Öteki Hikâyeler, Gülay Uğur Göksel, Editör, Bilgi Yayınevi, İstanbul, ss.103-106, 2023
Göç olgusuna dair konuşmak çok uzun yıllar boyunca güç bir mesele oldu. Bir aidiyet kategorisine, bir topluluğa ait olmanın bir yere, yerele, mevki ya da mekâna ait olmayı gerektirdiğine dair bir kültürle yaşıyoruz yerleşik hayata geçtiğimizden bu yana. Farklı kültürlerin, toplumların kendilerine dair tahayyüllerinde karşımıza çıkan köklü ve geniş dalları olan heybetli ağaç imgeleri bu kültürün ne kadar derin olduğuna işaret ediyor. Ulus-devletlerin ortaya çıkmasıyla; tarihi uzak akrabalarımıza kadar uzanan bu kadim tahayyül; siyasal bir etiket olan ulus kategorisini, bir küme insanı ve tanımlı bir coğrafyayı bir birine sıkı sıkıya teyelleyen bir sabitlemeye dönüştü.

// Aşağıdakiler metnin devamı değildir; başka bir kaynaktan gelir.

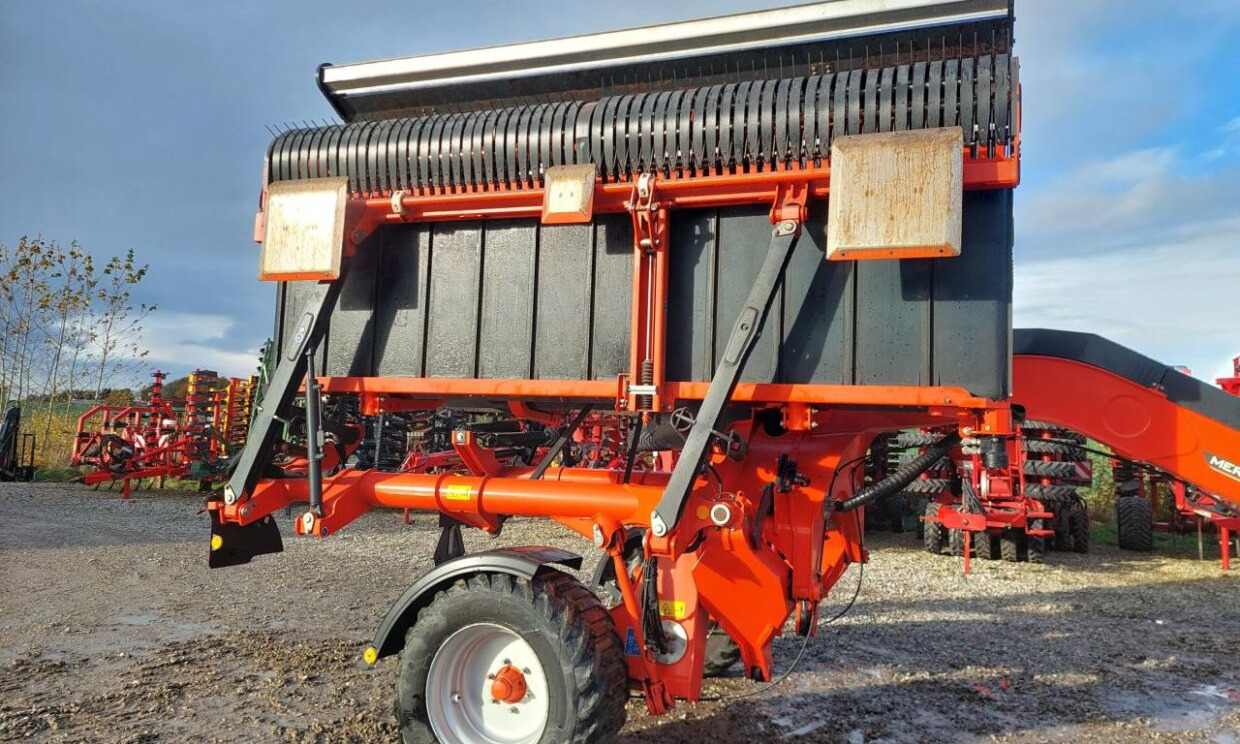 Kuhn Merge Maxx 950 - Гребло/ Сенообръщачка: снимка 2 Kuhn Merge Maxx 950 - Гребло/ Сенообръщачка: снимка 2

Bir kategoriye, dolayısıyla tanımlı bir yere (ulus devlet mıntıkası) ait olanın bir diğerine gölgesinin uzanamayacağına dair güçlü bir ön kabul dünyayı anlamaya yönelik kavram setlerimizde ve ona dair konuştuğumuz dil içerisinde kurumsallaştı. Oysaki bu sabitlemenin anlattığı dünyanın zıddına işaret eden onlarca olgu olmasına rağmen.
Discussing migration has been a challenging undertaking for many years. Ever since the transition to settled life, we have been living in a culture which imposed on us that belonging to a community or an allegiance in general entails belonging to a place, a locale, a location, or a space. The images of majestic tress with deep roots and wide branches that we encounter in the imaginations of various cultures and communities attest to the embeddedness of this culture. With the emergence of nation-states, this ancient imagination dating back to our historically distant relatives has turned into an anchorage that firmly stitches the category of nation –a political marker– to a group of people and a demarcated geography. The powerful presupposition that what belongs to one category and there by to one demarcated territory (the nation-state territory) cannot cast a shadow over another is institutionalized in our concepts for understanding the world and in the language we speak about it, notwithstanding dozens of facts demonstrating the opposite of the world described by this anchorage.